*Data excerpt*
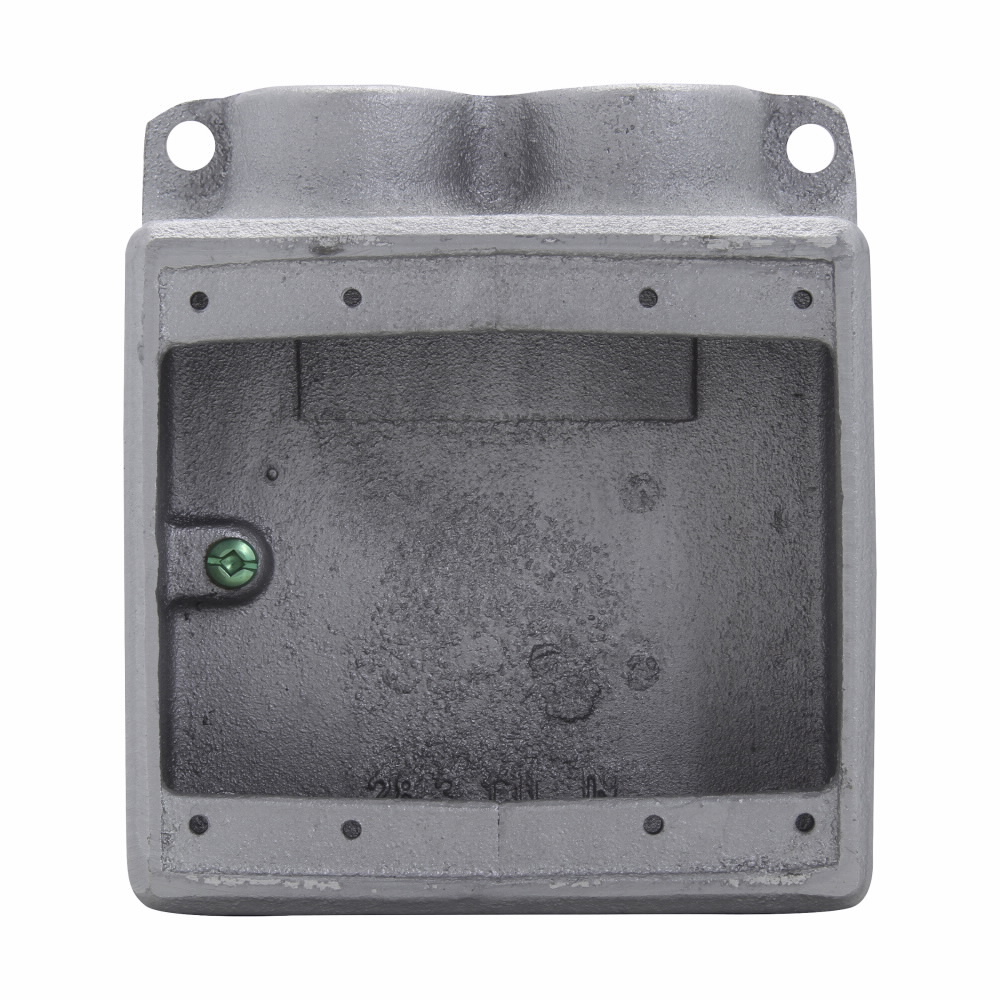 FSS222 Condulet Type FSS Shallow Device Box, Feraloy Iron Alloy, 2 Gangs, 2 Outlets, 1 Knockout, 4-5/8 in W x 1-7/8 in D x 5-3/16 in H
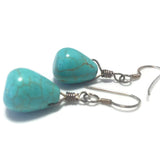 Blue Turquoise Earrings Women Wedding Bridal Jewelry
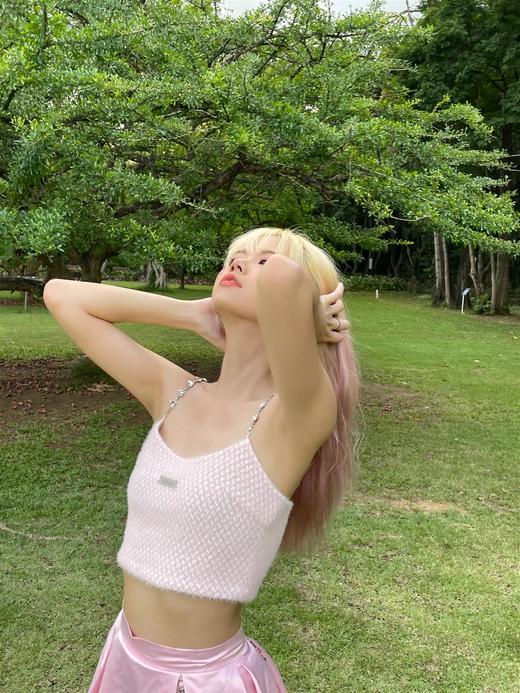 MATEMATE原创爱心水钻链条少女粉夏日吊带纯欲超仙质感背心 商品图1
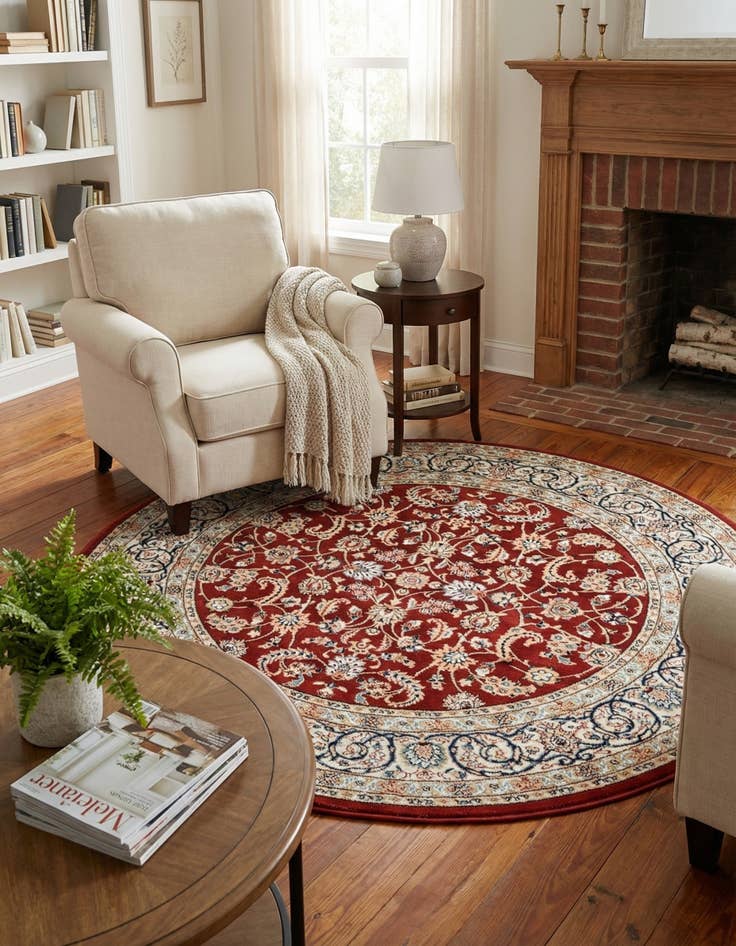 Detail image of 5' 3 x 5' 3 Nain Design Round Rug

*Problem details*
Would you please give the material above again, unchanged but without pictures?

*Response to this exercise*
 FSS222 Condulet Type FSS Shallow Device Box, Feraloy Iron Alloy, 2 Gangs, 2 Outlets, 1 Knockout, 4-5/8 in W x 1-7/8 in D x 5-3/16 in H
 Blue Turquoise Earrings Women Wedding Bridal Jewelry
 MATEMATE原创爱心水钻链条少女粉夏日吊带纯欲超仙质感背心 商品图1
 Detail image of 5' 3 x 5' 3 Nain Design Round Rug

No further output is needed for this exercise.